Of course, these studies are not about (field) service specifically, but about the engineering profession in general and on average. On the other hand, there is no real reason to think that (field) service would be much different. And this must change, though it will be no easy task.

Culture is something that develops over a long time and reflects deeply ingrained values. There are major geographical differences as well as differences between industries and age groups. And engineers in the field interact closely with customers, who have their own cultures as well. It is not clear, for example, that customer cultures (think maintenance departments of industrial producers) would be any more accommodating towards female engineers than the culture in their own company.

Why it must change is however quite clear. Quite apart from the political and socio-cultural imperative there are powerful business reasons: It deprives engineering and field service businesses of skills and numbers. Numbers at a time when the space is facing simultaneous recruitment (too few) and retirement (too many) challenges as the baby-boomer generation bows out and demographics worsen. Skills at a time when operational fundamentals are rapidly changing driven by digitization and the competence-base needs restructuring and renewal. And, furthermore, a lack of women deprives the business of diversity in ideas, opinions and decision-making, one of the surest ways to impair performance.

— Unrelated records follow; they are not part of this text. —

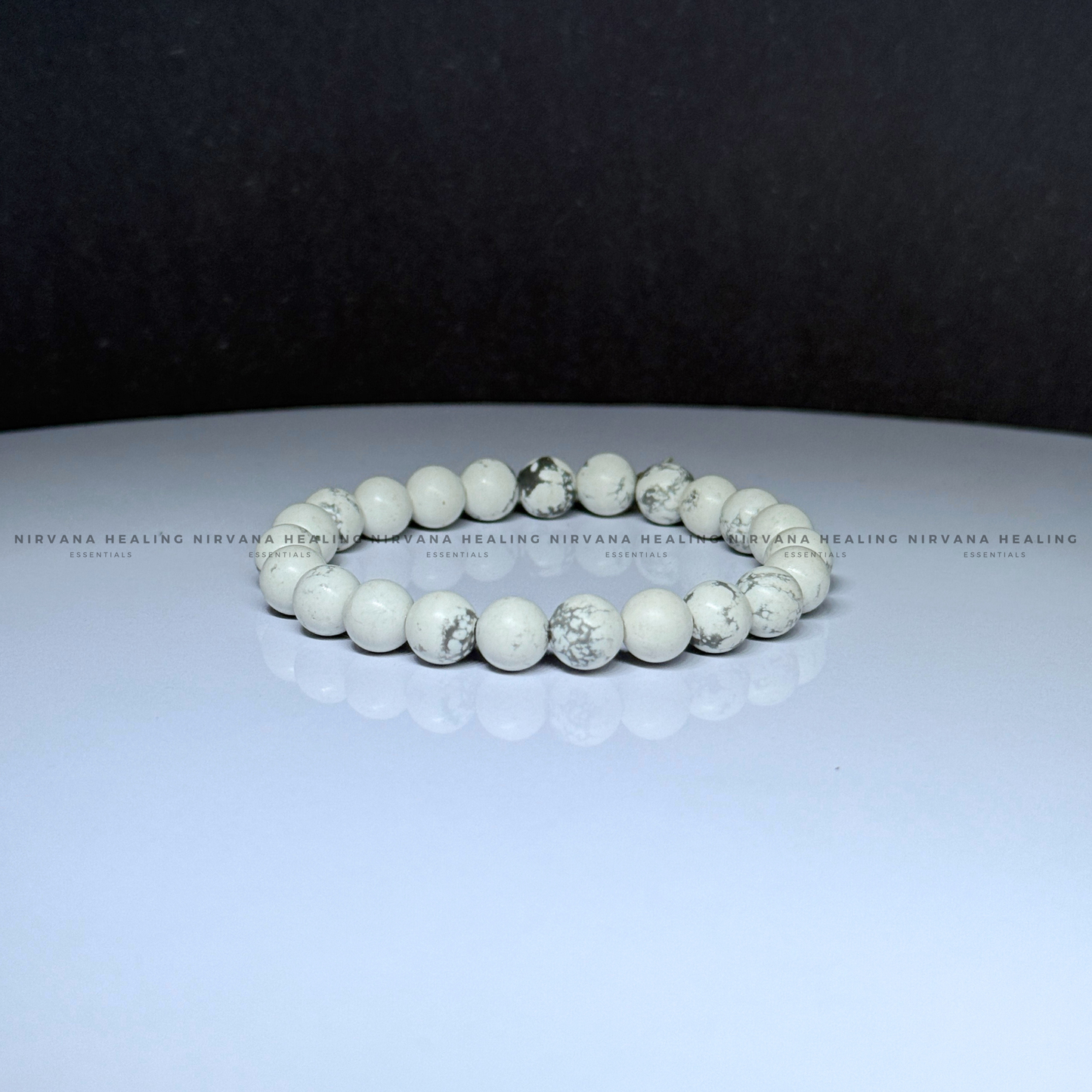 HOWLITE ROUND BEADED BRACELET (Peace, Sleep, Patience And Spiritual Awakening) image 2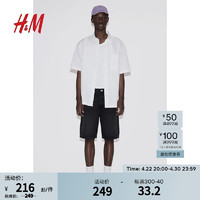 H&M男装裤子2024夏季休闲版牛仔短裤1218454 牛仔黑 165/72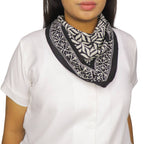 Hand Dyed Batik Bandana, 100% Soft Cotton, Onyx Pinwheel, Black White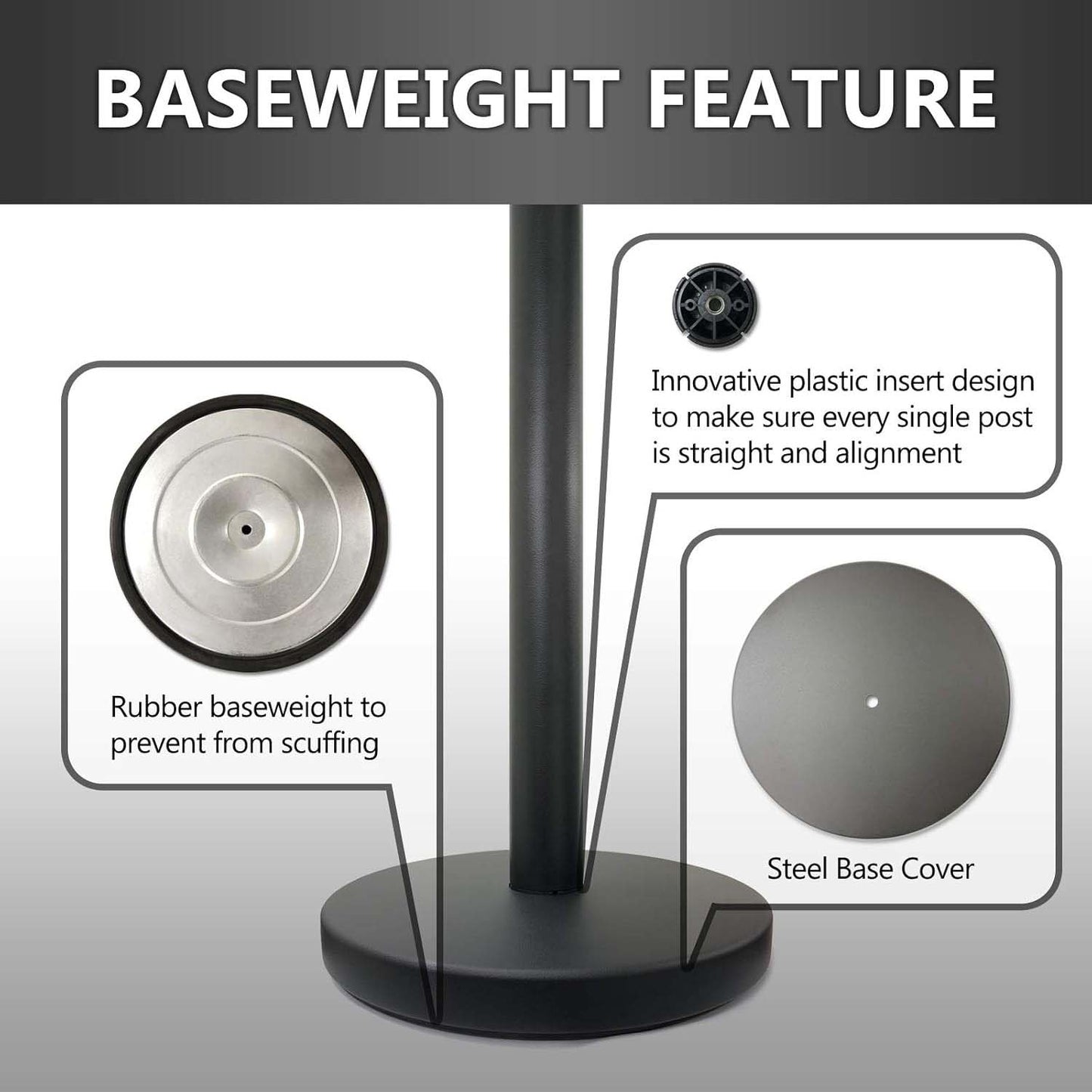 Wukusy heavy duty retractable belt crowd control pole with sturdy base, ideal for managing queues and directing foot traffic.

So, company top and service managements, as do managers in most fields of engineering, have a problem to solve. How to go about it requires leadership, commitment, perseverance, imagination, and investment. Here are some areas to look into:

  • Create targets for hiring and retaining women engineers and technicians
  • Adjust the recruitment process and incentives
  • Address work-life balance issues, including by investing in technology
  • Explicitly provide challenging tasks, opportunity, and path to promotion
  • Provide mentors
  • Invest in training and change management to challenge and eliminate gender-stereotyping, micro-aggressions and harassment
  • Retain flexibility as regards to geography and customers as much as possible
  • Allow the company culture to be progressively influenced and changed by women engineers
  • Add empowering women to the decision criteria regarding investments in new technology and search for applications, internally and externally, that serve the purpose.


Women still account for probably a very small percentage of the field service workforce and service management in general. Changing that is a matter of business performance as well as principles.